Money, technology and banking: what lessons can China teach the rest of the world?
Summary
Focus
Technology companies entering the financial services industry have become a global phenomenon over the past decade. Using the rise of two big techs in China as a foundation for analysis, this paper examines the key factors that have driven the development in China and whether such factors are applicable elsewhere.
Contribution
This paper takes a historical approach in examining favourable factors that contributed to the strong growth of big techs in China, and how regulators struck a balance between nurturing financial innovations and keeping emerging stability risks at bay.
Findings
The fight for survival was the key motivation driving the initial expansion to the financial services industry. As economic theory predicts, big techs running network products need a large user base to survive against competition. Providing financial services is an important means to achieve that objective. Accordingly, they can be viewed as "accidental financiers" rather than "aggressive invaders", at least during the initial stage.

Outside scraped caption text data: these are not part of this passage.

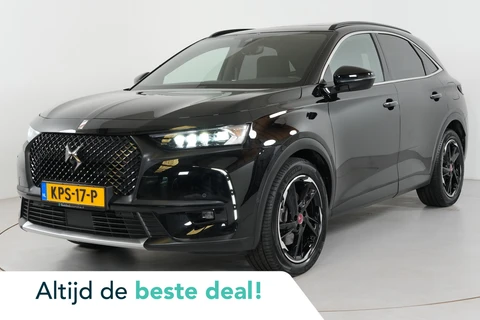 DS DS 7 E-Tense 300 pk PHEV 4x4 Performance Line | Pano | Nachtzicht | Focal | 360° Cam | El. achterklep |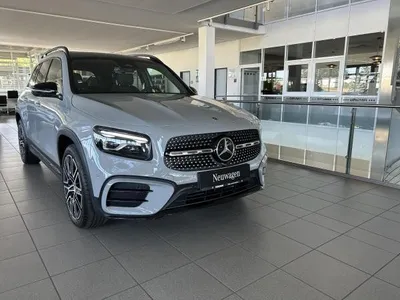Mercedes Mercedes-Benz GLB 220 d 4MATIC+ Special Edition+AMG Line Premium+Panodach+AHK+360°-Kamera+Winter-Paket+Totwinkel im Auto Abo von LeasingMarkt.de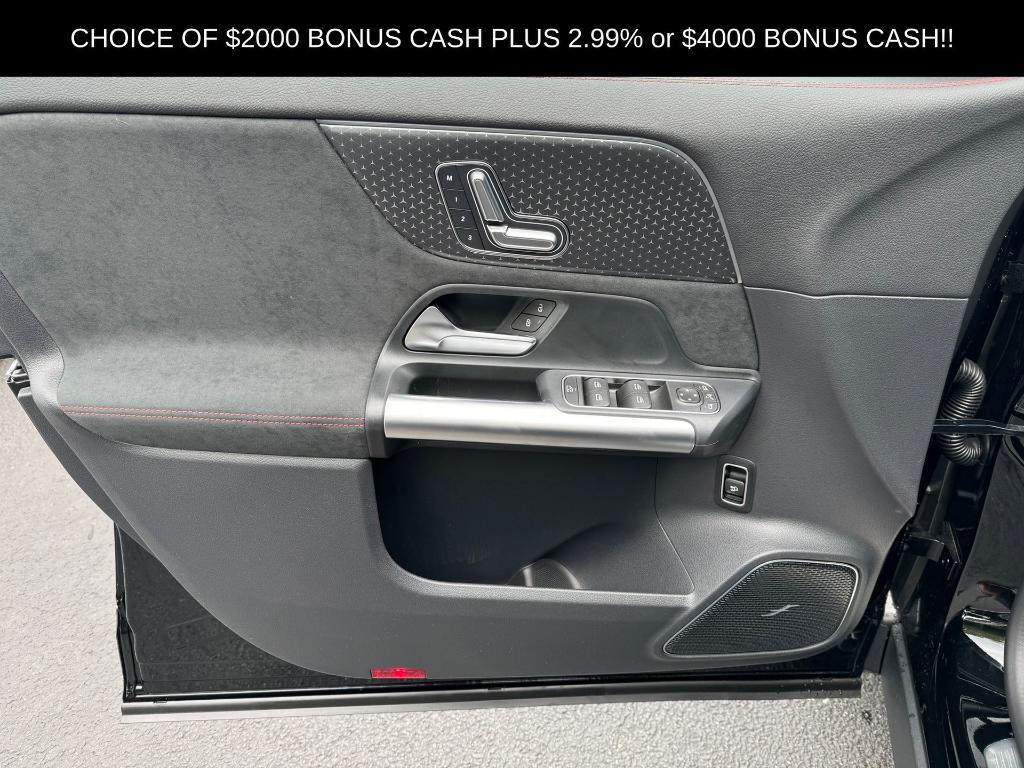 used 2025 Mercedes-Benz GLA 250 car, priced at $46,000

Several China-specific factors have played an important role in fostering the rapid growth, including its large population, the availability of low-cost mobile handsets in the country and heavy investment by the government on mobile communication infrastructure. These factors may not be easily replicated elsewhere.

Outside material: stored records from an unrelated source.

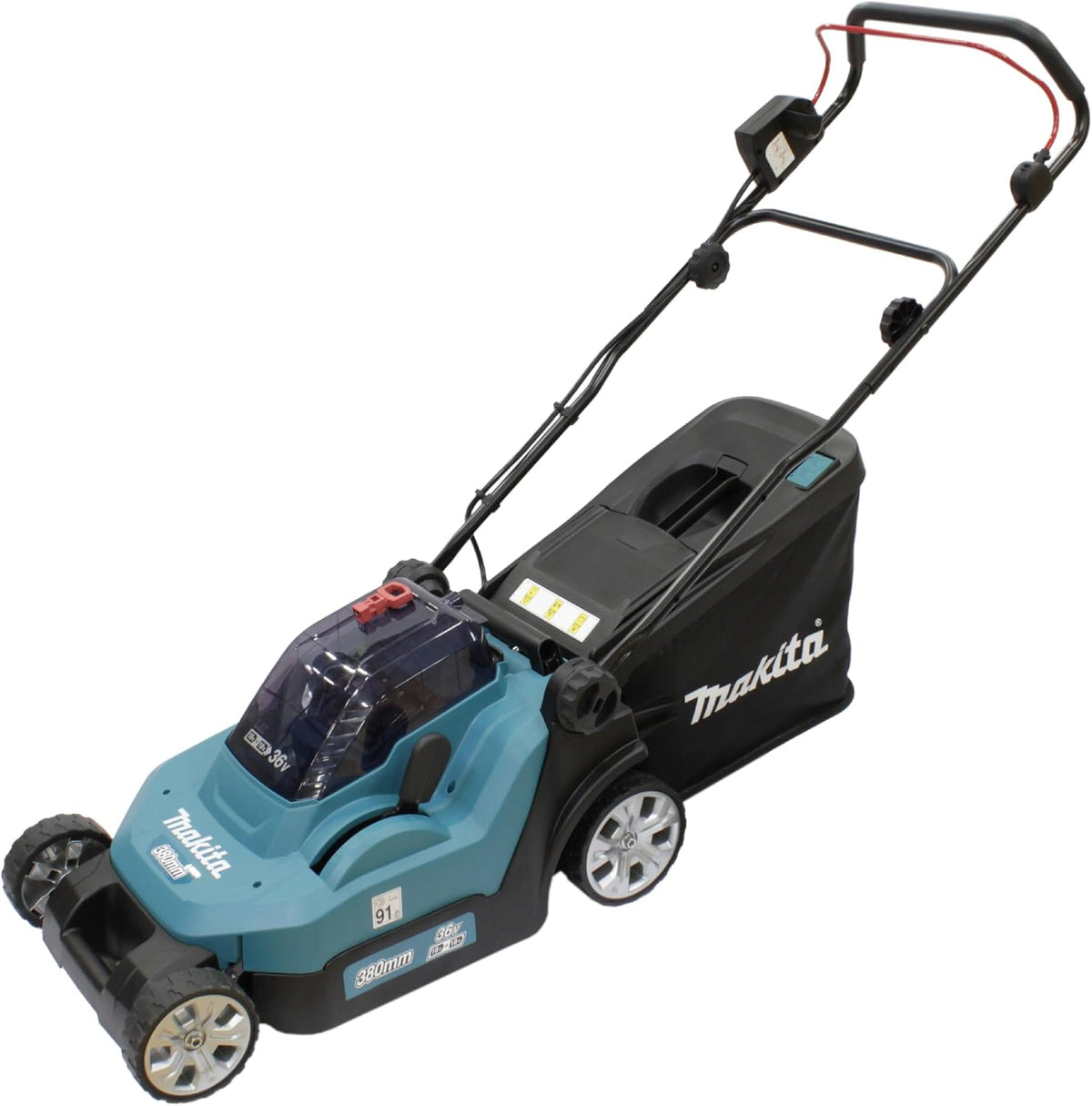 Makita DLM382Z Tondeuse, 36 V, 18 V, 24 V, 4.0 AH, 22 mm, 72 mm, 36V, 900W, Produit Seul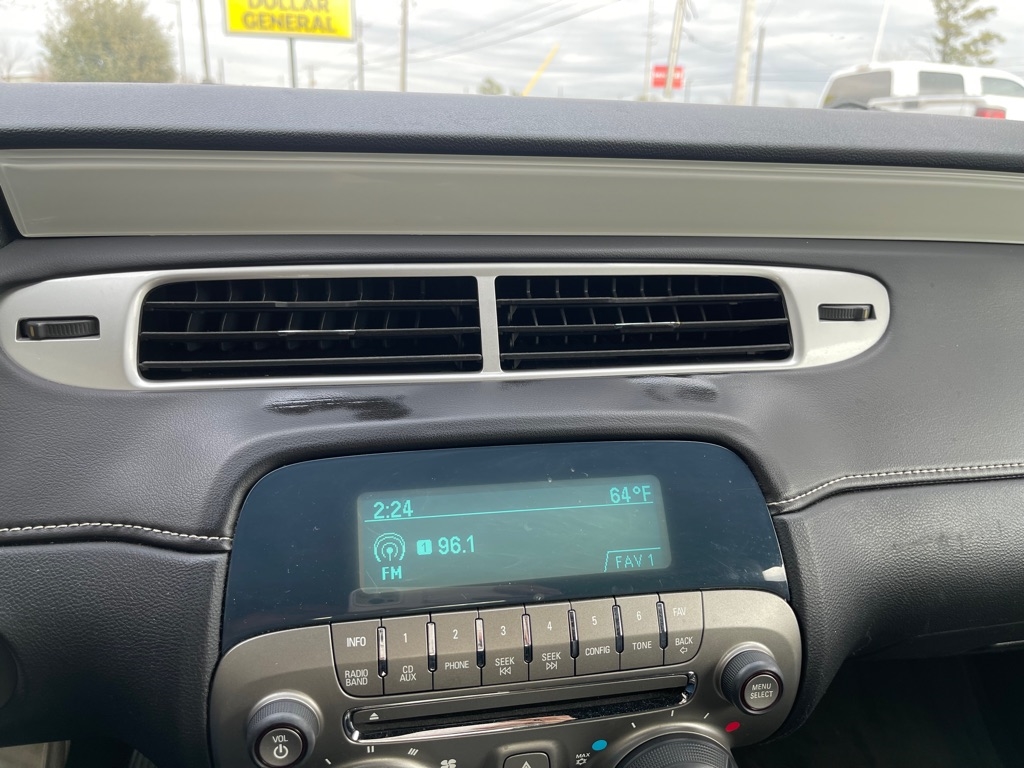 Chevrolet Camaro Coupe 2LT 2012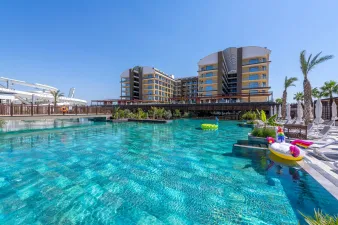 SORGUN AKADIA LUXURY HOTEL ADULT ONLY 16+ Pools & Beach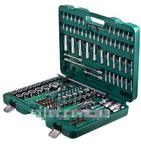 Набор инструмента HANS 177 предметов 1/4", 3/8",1/2", ТК-177V (9272)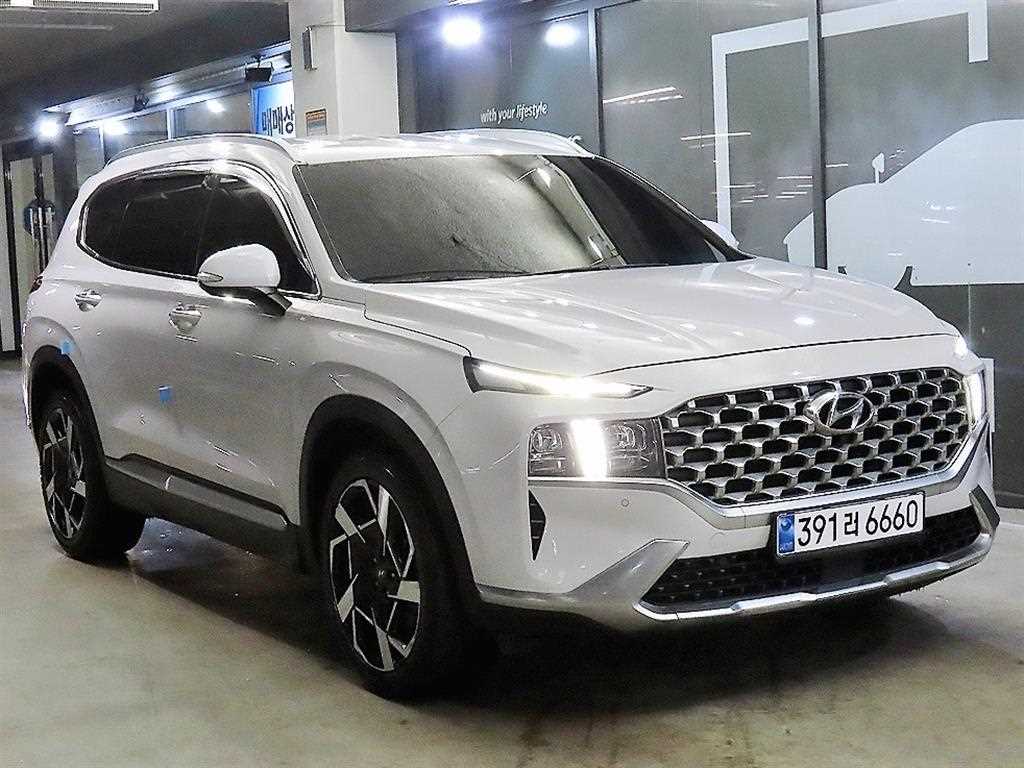 더 뉴 싼타페 디젤 2.2 4WD 프레스티지 2021년식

A balanced-regulatory approach is important. Development in China highlights the importance of striking a balance between regulatory tolerance during the early stage and tough regulations where signs of excessive growth are evident. While traditional activity-based regulations can still serve regulators well in many areas, regulators also need to closely monitor product innovations to rein in fast-emerging risks, including those involving new regulation. In particular, it is natural to see big techs introducing new products to exploit grey areas of existing regulation or other untested premises.

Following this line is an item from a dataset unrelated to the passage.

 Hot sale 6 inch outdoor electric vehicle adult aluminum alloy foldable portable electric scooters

Finally, the prospect of big techs becoming heavily involved in cross-border transfers/payments would require special attention and coordination among home/host central banks.
Abstract
Technology companies entering the financial services industry have become a global phenomenon over the past decade. This trend is most remarkable in China where two large technology firms (BigTechs) have emerged as important market players, especially in payment services. This paper examines the factors driving this development and whether the Chinese experience could be applied elsewhere. Several lessons emerge: first, like any company in a network industry, it is important to build and maintain a large user base and that is the key factor behind BigTechs' expansion into the financial industry. On this basis, these BigTechs can be seen as "accidental financiers" rather than "aggressive invaders". Second, these firms are cautious in offering higher-risk financial services as investment losses could lead to an exodus of customers. Third, Chinese authorities' regulatory tolerance during the early stage has been a key supporting factor and helped fostering innovation benefits. But that was balanced by the implementation of capital and liquidity rules to keep BigTechs from "excessive" growth, mis-selling of financial products and posing systemic risks. Fourth, initial conditions and government support matter. The rapid growth has benefitted from China's large population, the availability of low-cost mobile handsets and heavy investment by the government on mobile communication infrastructure. These may not be easily be replicated elsewhere. Last, BigTechs' overseas expansion may require policy coordination between home and host authorities to keep track of emerging risks.
JEL classification: D85, E41, E42.
Keywords: BigTechs, banking and finance.